BRASIL:
ENTRE O RETROCESSO HISTÓRICO E A RESISTÊNCIA DEMOCRÁTICA
A radicalização do processo político no Brasil chegou ao
seu ponto culminante: de um lado estão todas as forças democráticas, de
esquerda, populares, reformistas e revolucionárias, marxistas, pós-modernas,
progressistas, nacionalistas, desenvolvimentistas, das lutas contra as
opressões e de outro está o fascismo na sua face mais bárbara, a última linha
de defesa de um capitalismo dependente, decadente e de uma classe de
capitalistas completamente subserviente ao imperialismo estadunidense.
No início dos anos 2000, as democracias liberais entraram
em crise junto com a crise do neoliberalismo. A direita tradicional foi varrida
do poder em toda a América Latina. Governos nacionalistas e de Frente Popular
chegaram ao poder ao mesmo tempo pela primeira vez desde o fim das ditaduras
militares no continente. As massas de trabalhadores, estudantes, indígenas,
camponeses e sem-terra colocaram os partidos burgueses tradicionais contra as
cordas. Os velhos políticos da classe dominante foram obrigados a negociar com aqueles
que antes tinham sido presos, espancados e torturados por eles, combatidos
politicamente de todas as maneiras. A força da mobilização impôs uma enorme
derrota à direita nos países mais importantes e mais ricos da América do Sul. O
projeto imperialista da ALCA foi enterrado. Os trabalhadores latino-americanos
podiam respirar aliviados, pelo menos momentaneamente, ao escaparem dos planos
de escravização total da força de trabalho do continente pelos Estados Unidos
da América. Mas para se manter no poder, essas forças progressistas que
chegaram lá por revoluções como no Equador, insurreições como na Bolívia, e
mobilizações de massas que culminaram numa vitória eleitoral humilhante para a
direita como no Brasil, buscaram a conciliação de classes.
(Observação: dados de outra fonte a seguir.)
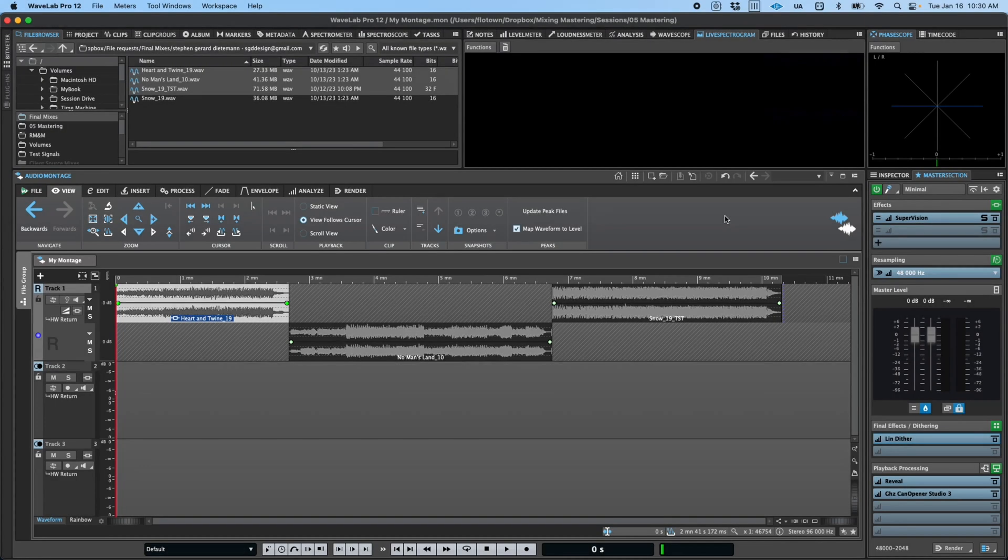Hi, and welcome to Wavelab. In the montage video, we talked about some of the basics of the interface layout in Wavelab.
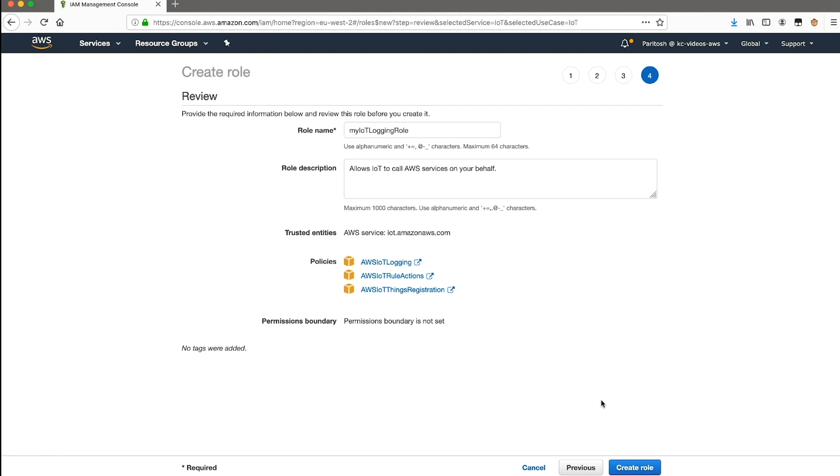As we can see, all the necessary policies required for logging are already provided by default. Choose create role to save these settings, and then copy the role ARN.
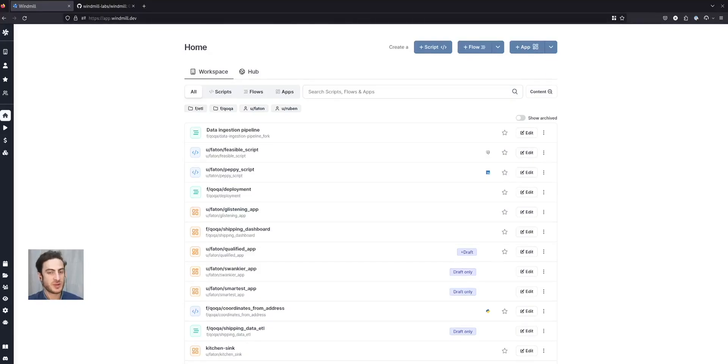Windmill is an open source platform to build scripts, workflows and UIs and run them at enterprise scale.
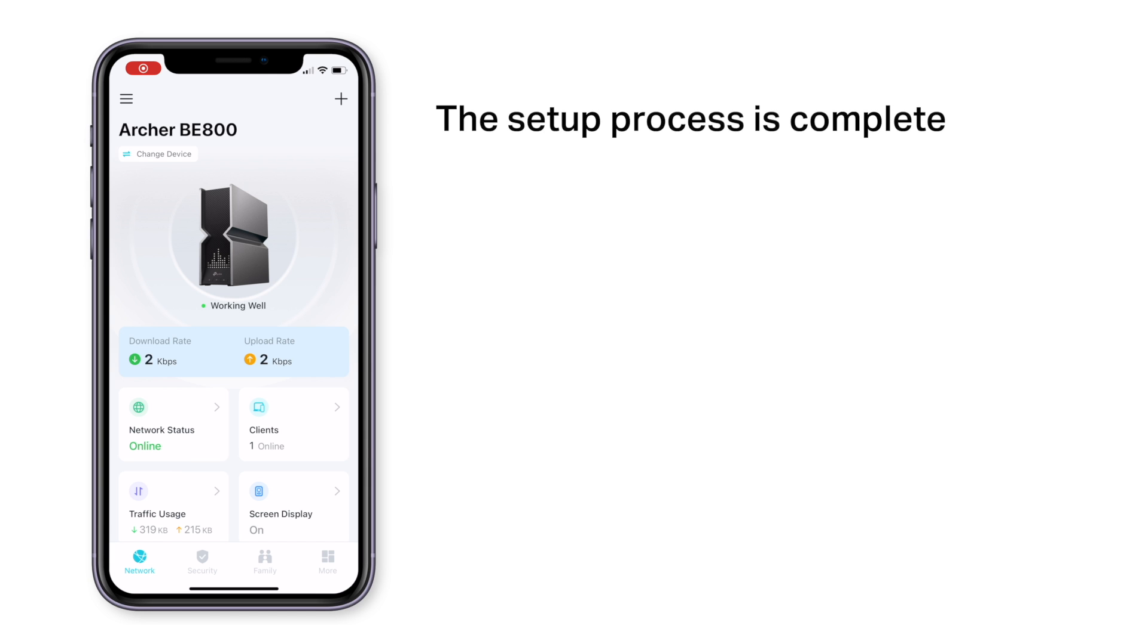Congratulations, the configuration of your brand new TP-Link router is done. You can now enjoy a faster and more secure Wi-Fi network with TP-Link.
No Brasil, esse projeto,
capitaneado pelo PT, levou a que muitos de seus quadros se vissem envolvidos
nas velhas práticas de corrupção da velha direita tradicional. Isso acabou
abrindo um espaço político à esquerda dos grandes partidos de esquerda de
massas, como o que ocorreu no Brasil, com a formação de uma nova central
sindical, a CONLUTAS, que tem como sua direção majoritária um partido
trotskista, o PSTU, e a formação de um novo partido anticapitalista, o PSOL. Num
primeiro momento o que se viu foi uma esquerdização das massas, a tal ponto da
terceira via em 2006 ser representada pela oposição de esquerda com a
candidatura de Heloísa Helena à presidência da República pela Frente de
Esquerda (PSOL-PSTU-PCB). O segundo mandato de Lula, o de maior estabilidade
política e também o que lhe rendeu a maior popularidade da história como líder
político, também preparou o caminho para o abismo. Os acordos com forças
conservadores e fundamentalistas armava uma bomba relógio que explodiria em
algum momento no futuro. A preservação desses setores e a permissão para que
eles crescessem livremente como erva daninha levou à expansão de um
reacionarismo em nossa cultura que desprezava até a velha cordialidade do
brasileiro. O fundamentalismo religioso cresceu sob as asas da Frente Popular,
com a aliança do PT com o PL/PRB, partido da Igreja Universal, e outros setores
desse tipo.
As conquistas sociais do governo Lula são inegáveis. Embora
o bolsa família não seja o projeto Fome Zero esboçado na campanha de 2002, ele
de fato garantiu o mínimo de dignidade à maioria da população, afinal, “quem
tem fome tem pressa”, e eu acrescentaria: e quem nunca sentiu fome não pode
julgar. A educação também teve avanços, como a expansão de bolsas de pesquisa,
de vagas nas universidades, construção de escolas técnicas federais, mais verbas
para a educação a partir do FUNDEB, embora não tenha sido um processo livre de
contradições, basta ver a influência do movimento empresarial Todos pela
Educação sobre os projetos desenvolvidos pelo MEC no segundo governo Lula,
surgindo daí o Plano de Metas e o IDEB, por exemplo, claros ataques à autonomia
docente. Além disso, o empresariado se favoreceu na educação e em outros
setores das parcerias público-privadas, que encheram os bolsos do grande
empresariado. Enquanto havia crescimento econômico, todos ganhavam uma parte,
os mais ricos a maior fatia, e as contradições sociais permaneceram
amortecidas. Mesmo com a crise capitalista mundial, o governo petista conseguiu
administrar bem as contradições sociais, fazendo com que o Estado pagasse a
conta dos grandes empresários, beneficiados com isenções fiscais e ajudas dos
bancos estatais. Com a eleição de Dilma, o governo de Frente Popular assumiu um
caráter mais bonapartista e menos conciliador. As alianças com a direita se
ampliaram, mas as negociações com os representantes das classes empresarial e
proletária foram reduzidas e substituídas por atos administrativos. As
negociações com os movimentos sociais eram escassas. Os governos estaduais
aliados, como o PMDB do Rio de Janeiro, reprimiam movimentos de trabalhadores
sem que fossem censurados pelo governo federal. E o próprio governo federal
intensificou o uso das Forças Armadas na segurança pública e mesmo na repressão
a protestos. Em 2013, o governo que conseguia conter o movimento de massas e
por isso era tolerado pela classe dominante, mostrou-se incapaz de conter as
Jornadas de Junho. Esse era o início da tragédia.
JORNADAS
DE JUNHO: AVANÇOS E CONTRADIÇÕES
As Jornadas de Junho tiveram início com a juventude na
luta contra o aumento das passagens de ônibus. O MPL (Movimento Passe Livre)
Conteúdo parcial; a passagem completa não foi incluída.